I popoli arabi sono stati presenti in Europa per secoli, dando il loro contributo con grandi invenzioni, come la bussola e l'algebra. Ma a causa del loro stile di vita hanno trascorso il ventesimo secolo divisi, senza un grande leader. Chi ha letto "I sette pilastri della saggezza", comprenderà le difficoltà di Lawrence d'Arabia ad assimilare la cultura e a riuscire a far parte della vita quotidiana dei guerrieri islamici. Mentre ebbe successo nel condurre gli eserciti, Lawrence non ottenne grandi risultati quando cercò di organizzare forme di governo. E, sforzandosi di essere uno statista, pur avendo conquistato Damasco non riuscì a strappare il potere ai Turchi. Nel XX secolo esistevano vari popoli arabi, nomadi e spesso ciascuno di loro aveva il proprio territorio, che guidava esclusivamente in base ai propri interessi. Il fatto è che il governo britannico forse non si interessò all'unificazione dei popoli arabi, anche con l'aiuto del suo agente più perspicace. Dopo l'esplosione dei prezzi del petrolio, la scienza e la tecnologia e soprattutto Internet stanno cambiando la vita quotidiana di questi popoli. Una gioventù tanto irrequieta come quella occidentale, nel 1968, volle fare la storia.

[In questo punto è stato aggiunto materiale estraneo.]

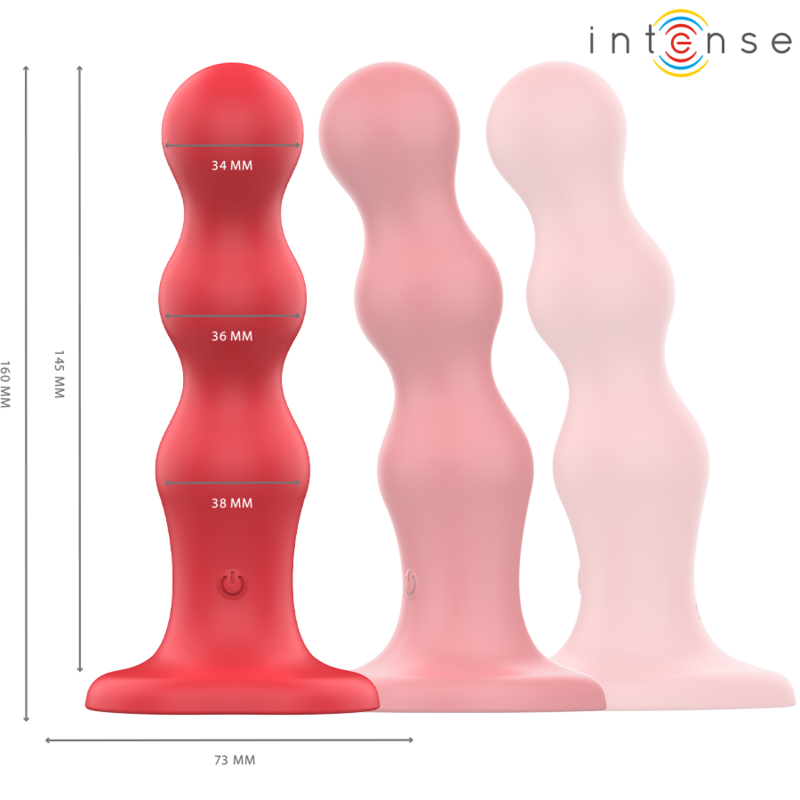 INTENSE - CODY VIBRATEUR AVEC VENTOUSE TÉLÉCOMMANDE ROUGE INTENSE FUN TOYS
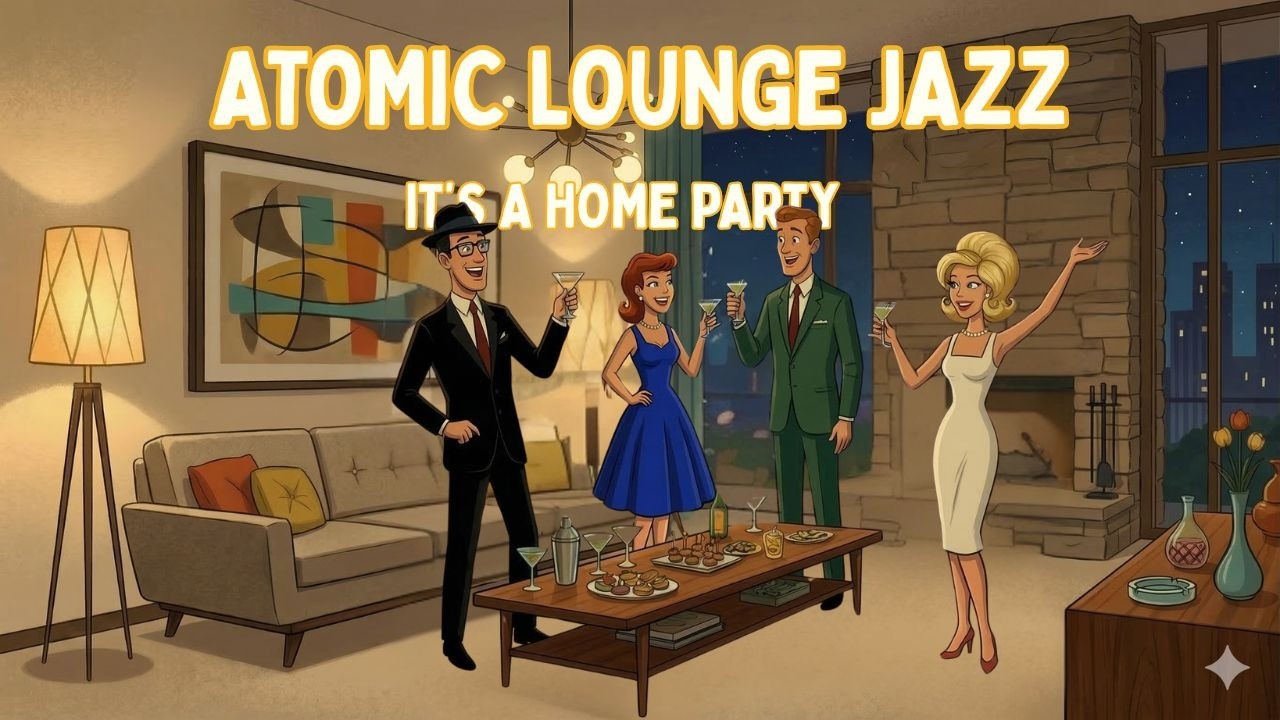 60’s Atomic Cocktail Lounge Music | Lavoro, Studio, Relax – Fireside Cocktail Jazz Gathering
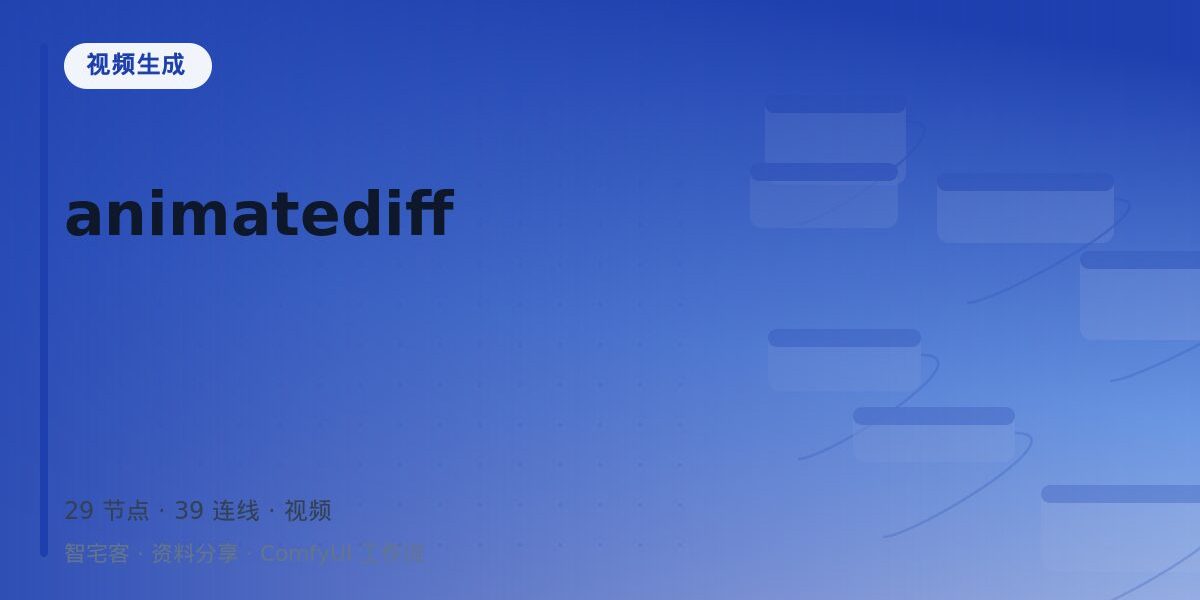 animatediff 封面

Un grande leader orientale disse di temere la fine della guerra, perché sapeva che il giorno dopo la vittoria, si rischiava di perdere qualcosa di molto importante: la figura del nemico. In tempi di conflitto, tutto il male può essere attribuito al nemico, senza alcun nemico questo è impensabile. Ma la logica dei produttori di guerra è di creare nemici. Purtroppo, oltre ai problemi sociali e ambientali causati sempre dalle guerre, esiste il problema dei costi. Ad esempio un giorno di guerra spesso corrisponde al bilancio di un anno di un organismo scientifico e tecnologico. E molte volte i danni ambientali sono impossibili da calcolare.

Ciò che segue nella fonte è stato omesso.